L’artiste chinois a recouvert les murs et le sol de la galerie Laurent Godin de quelques 50 000 photographies, prises par lui-même et par des amis pendant un été de mitraillage intensif. Les images sont des captures urbaines, sans recherche esthétique et sans retouches. La bande-son qui accompagne la vidéo documentaire projetée, avec son rythme saccadé rappelle et imite le mitraillage de l’appareil photo.

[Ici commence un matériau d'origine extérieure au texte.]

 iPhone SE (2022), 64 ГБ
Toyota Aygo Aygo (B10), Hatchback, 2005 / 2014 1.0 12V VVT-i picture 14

Sur les murs sont esquissées des silhouettes de buildings, et au centre de l’espace sont disposées des piles de photos de différentes hauteurs figurant elles aussi des buildings. On pénètre ainsi à l’entrée de la galerie dans un modèle réduit de ville. Les photographies avec lesquelles est construit ce modèle réduit sont invisibles en elles-mêmes, seule leur accumulation est visible. Prises individuellement, elles ne réclament aucune attention, une image en vaut une autre et n’est que l’infime partie d’un tout. D’ailleurs les spectateurs piétinent les photos disposées sur le sol.
Le titre de l’exposition est trompeur, l’artiste nous présente bien ses photographies mais il les noie dans une masse tellement importante (que ne laissait en aucun cas présager le pluriel de « Photographs ») qu’il les rend invisibles, dans un jeu avec le terme «exposition». Il s’agit de montrer en sachant qu’il est impossible pour le spectateur de tout voir.

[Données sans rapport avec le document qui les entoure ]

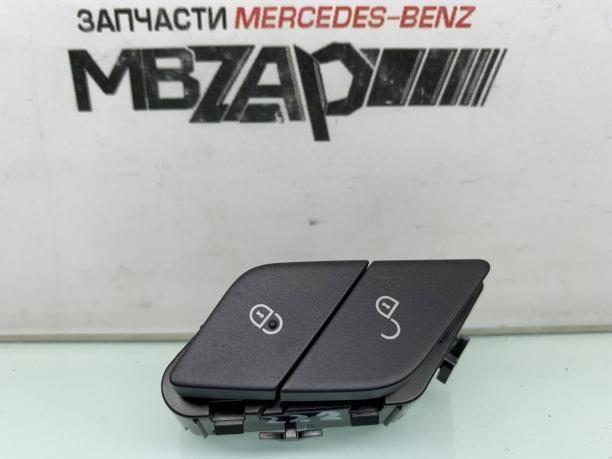 Кнопка центрального замка правая Mercedes W222 a2229057607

Puisque l’on ne s’attarde pas sur les photos elles-mêmes, Wang Du peut poser de manière directe la question de la place des images dans le monde d’aujourd’hui. Nous sommes entrés depuis quelques dizaines d’années, grâce aux progrès technologiques et à l’accélération des moyens de communication, dans «l’âge de l’image à l’échelle du monde», pour citer Heidegger. Ce qui est à prendre à considération désormais, ce n’est pas l’image en elle-même, c’est ce qu’on en fait et le cadre dans lequel elle s’insère.

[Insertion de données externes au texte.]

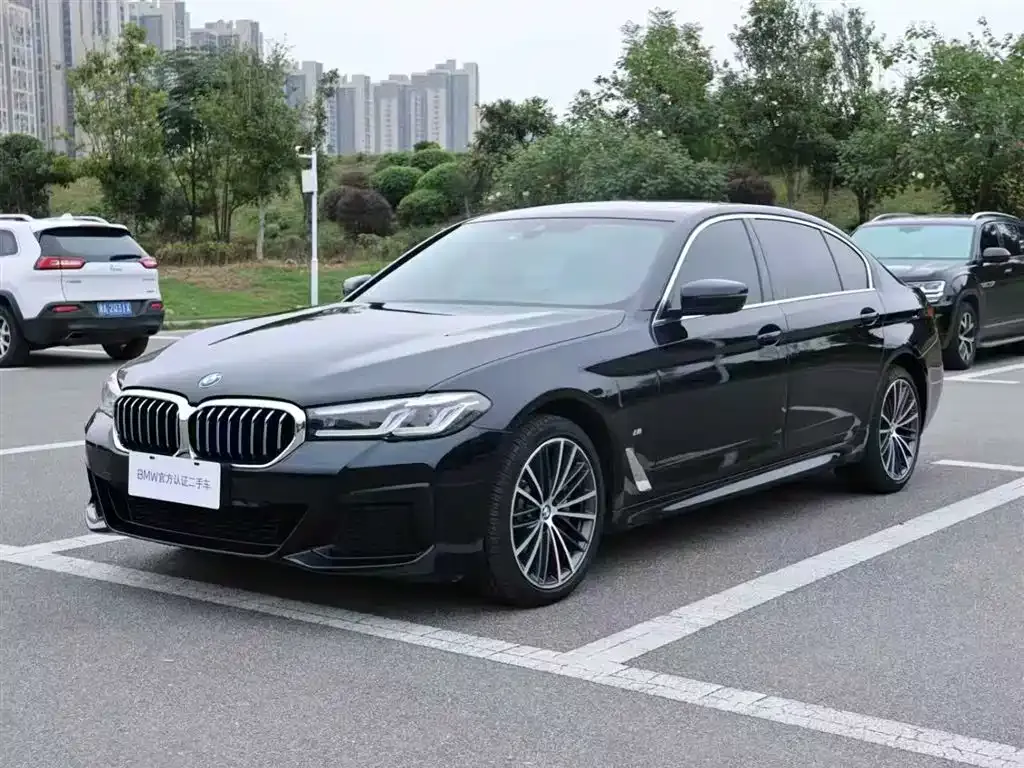 BMW 5 Series — фото 1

L’exposition met en évidence le fait que l’image se trouve de nos jours dans une situation contradictoire : elle est à ce point omniprésente (d’autant plus que l’accès à la production d’images s’est largement démocratisé ces dernières années) et banalisée qu’elle est largement dépréciée mais elle reste malgré tout le média de la réalité, de la «vie originale» pour reprendre les mots Wang Du lui-même. La photographie reste quoi qu’il arrive une empreinte directe du réel.
Wang Du.
— Photographs, 2007. Pièce unique, photographies. Dimensions variables.